David Hockney’s Two Boys Aged 23 or 24.
David Hockney’s Two Boys Aged 23 or 24. Photograph: © David Hockney

David Hockney’s Two Boys Aged 23 or 24: sensuality and history

The cultural icon captures close intimacy between his friends to illustrate CP Cavafy’s poem

Skye Sherwin
Friday 12 July 2019

Pillow talk …

With its lovers’ just-touching bodies, marked out in simple, delicate lines above the soft, rumpled sheets, David Hockney’s 1966 etching conjures a luminous scene of post-coital bliss.

The new classics …

It is part of a series: Illustrations for Fourteen Poems from CP Cavafy.

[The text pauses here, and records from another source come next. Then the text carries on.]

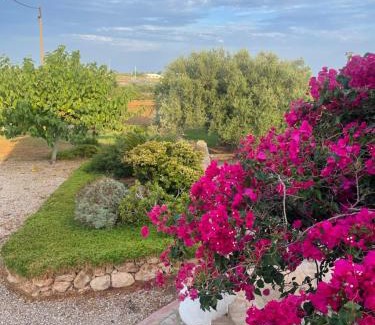 Amposta House | Pet-Friendly Paradise at Masía Mas Salut with Ocean Views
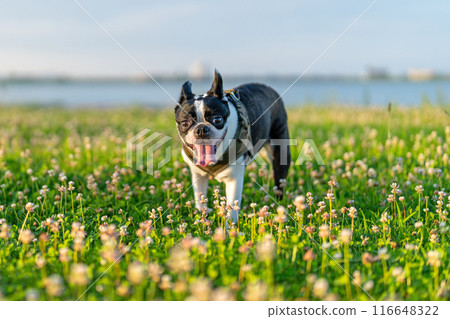 Boston Terrier Boston Terrier 116648322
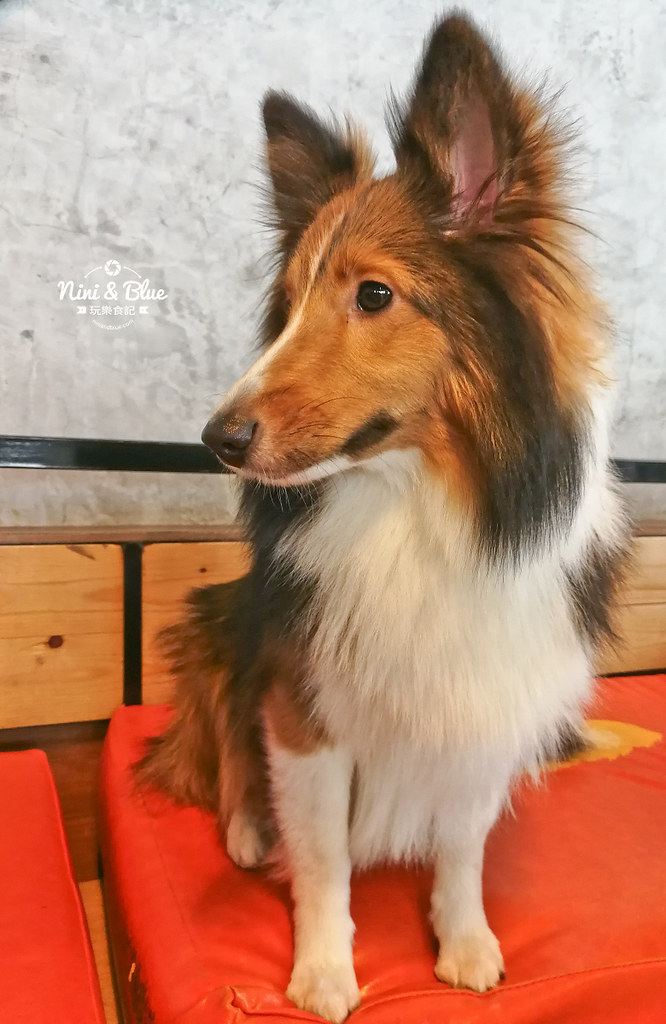 HoPs Dog Cafe泰國曼谷狗狗餐廳bkk 28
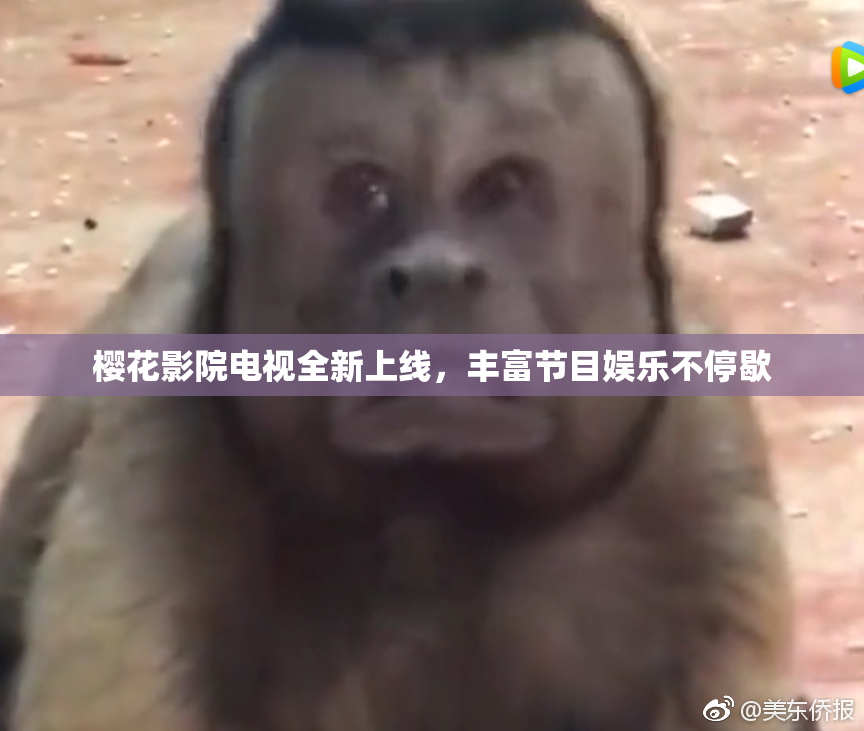 樱花影院电视全新上线，丰富节目娱乐不停歇
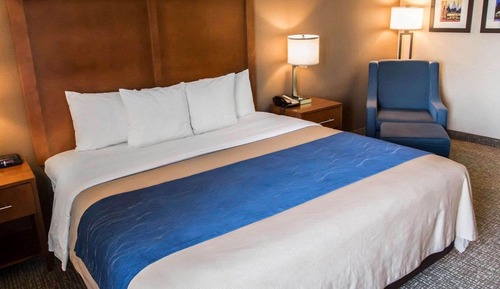 Standard Room, 1 King Bed, Accessible, Non Smoking (Roll-In Shower)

Hockney often turned to art-historical or literary sources. The early 20th-century Greek poet’s writing gave gay love in the ancient world a contemporary immediacy.

Right here, right now …

Hockney’s print matches the poetry’s thrill, mixing sensuality, history and “the now”. It feels very modern with its stripped-down technique; more so with its intimate subject matter.

City limits …

The artist had travelled to Cavafy’s home city, Alexandria, in 1963. It was in Beirut in 1966, though, where he found the cosmopolitan energy the poet channelled.

Friends and lovers …

While imbued with the poetry’s mood, what Hockney depicts is his own milieu. The two men are his friends, artists Mo McDermott and Dale Chisman.